Kuwait is one of the newest players in the Middle Eastern renewable energy sector. The country plans to generate 15% of its electricity from sustainable sources by 2030. The key focus is on solar power and wind.
In June this year, the Kuwait Institute for Scientific Research, or KISR, announced that it had invited pre-qualified contractors to submit bids for three pilot renewable energy projects. This is the first phase of a 2,000-megawatt renewable energy project known as the Shagaya renewable energy park that, as a whole, is due for completion in 2030.
The first phase of the park, which is scheduled for completion in the second half of 2016, is being procured on an engineering, procurement and construction basis. The overall capacity of this initial phase is 70 megawatts, comprising a 10-megawatt wind farm, a 10-megawatt solar photovoltaic plant and a 50-megawatt solar thermal plant. The strong emphasis on solar thermal mirrors the approach of neighboring Saudi Arabia.
Thirty-seven companies out of 107 pre-qualified to bid for the first phase projects, including 16 for the wind farm, 13 for the solar photovoltaic plant and eight for the solar thermal plant. The bid submission deadline is October 13, 2013.
The second and third phase projects will be procured on a build-own-and-transfer basis, with a 25-year power purchase agreement. KISR plans to procure 930 megawatts of solar power facilities in phase two and another 1,000 megawatts in phase three. It is not clear whether further wind power capacity will be procured in the second and third phases.
The renewable energy park will be built on a 39-square-mile area in Shagaya, a desert zone 62 miles west of Kuwait City and near the country’s borders with Iraq and Saudi Arabia.
In terms of power project procurement, KISR is a new player. It is therefore likely to take some time before tenders are issued for the second and third phases of the Shagaya park.
In parallel, the State of Kuwait’s Partnerships Technical Bureau is set to tender the Al Abdaliya integrated solar combined-cycle project, a 280-megawatt power project with a 60-megawatt solar power component. The solar power technology has not been confirmed. No time indication for tender issuance has been provided.
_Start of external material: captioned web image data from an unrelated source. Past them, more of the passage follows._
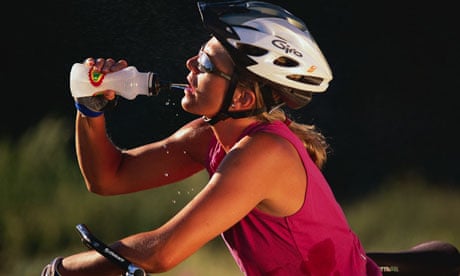 Bike Blog : Woman cyclist Having a Drink of Water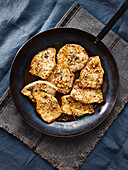 Roasted pork medallions on a black plate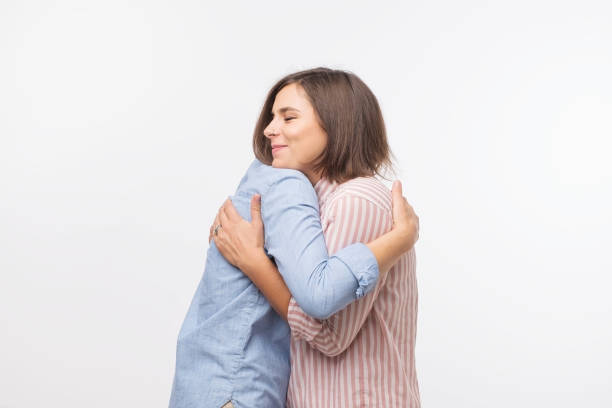 istock European mother and daughter hugging each other. 989265352
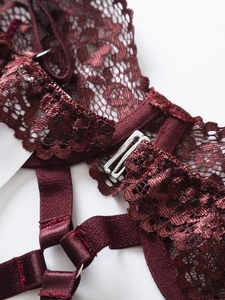 Dettaglio del set di lingerie in pizzo bordeaux con cinturini in seta e fibbie metalliche
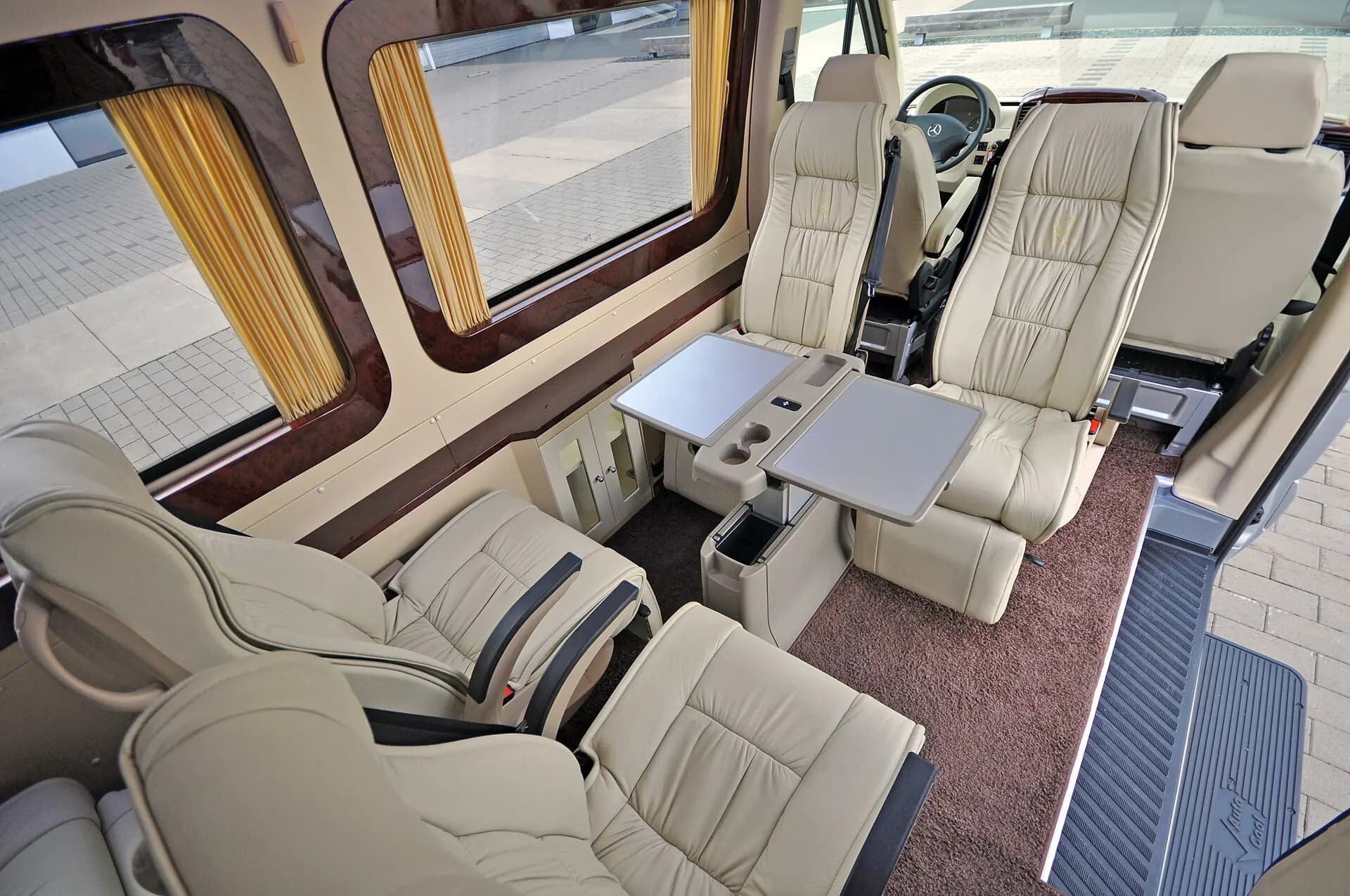 Executive Sprinter interior with premium individual passenger seats.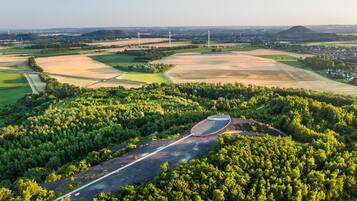Vista aérea de una zona rural con un camino sinuoso, un bosque denso y aerogeneradores a lo lejos.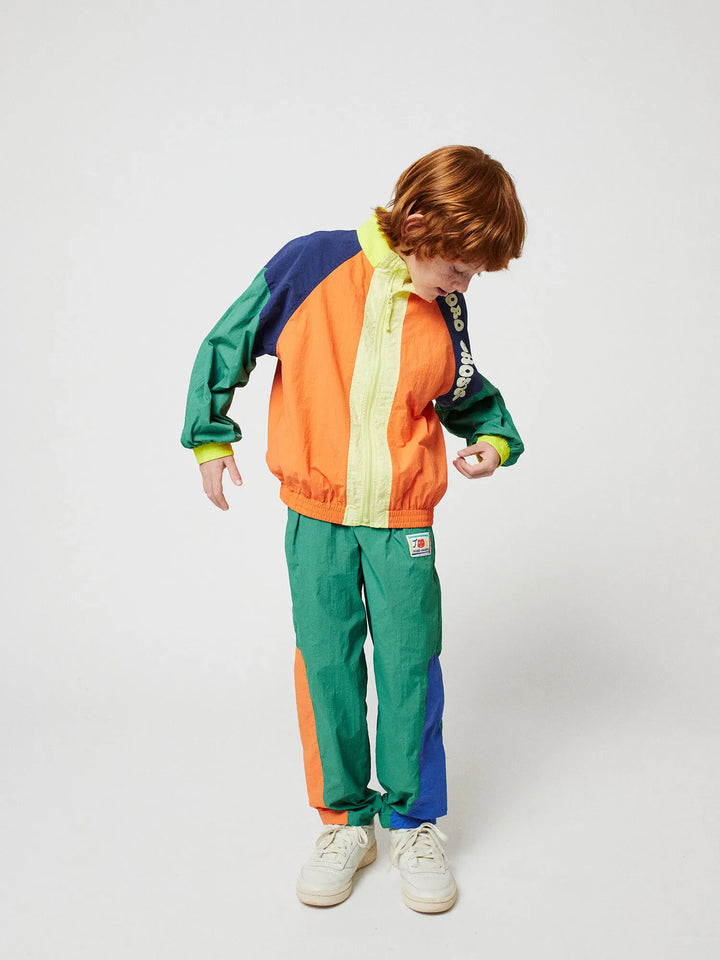 Smiling color block tracksuit pants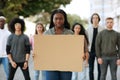 Black woman with empty placard leading group of protestors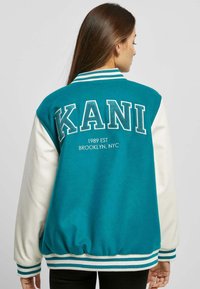 Veste de varsity teal avec des manchons et un ourlet blancs, poignets côtelés. L'arrière présente un texte brodé "KANI" et "1989 EST BROOKLYN, NYC."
Kuwait’s Partnerships Technical Bureau is responsible for the implementation of the country’s public-private partnership program. The Partnerships Technical Bureau does not have quite as developed a power procurement model as, say, Saudi Arabia’s Saudi Electricity Company; however, it is very close to closing the country’s first independent water and power project, the 1,500-megawatt Az-Zour North project. Once that project closes, and the newly-developed Kuwaiti power procurement model emerges, then the likelihood of progress on the Al Abdaliya integrated solar combined-cycle project will be enhanced.
Qatar plans to meet 20% of its electricity demand from renewable sources by 2030. The key emphasis is on solar power.
The only large scale solar facilities in Qatar are a 776-kilowatt solar photovoltaic rooftop system on the Qatar National Convention Center and an 800-kilowatt solar photovoltaic rooftop system on the student halls of the Qatar Foundation.
In 2012, Qatar announced plans to launch 1,800 megawatts of solar projects by 2014. A first phase of 200 megawatts was due to be tendered in the first quarter of 2013. Lack of progress has created uncertainty, however, and has led to some loss of confidence in the market.
Notwithstanding recent public spats, Qatar should be the host of the 2022 World Cup, which potentially creates a major opportunity for renewable energy players. The country has said publicly that the event would be the first carbon-neutral World Cup and explicitly said that this would be accomplished by using solar power and other renewable energy sources to power and cool stadiums.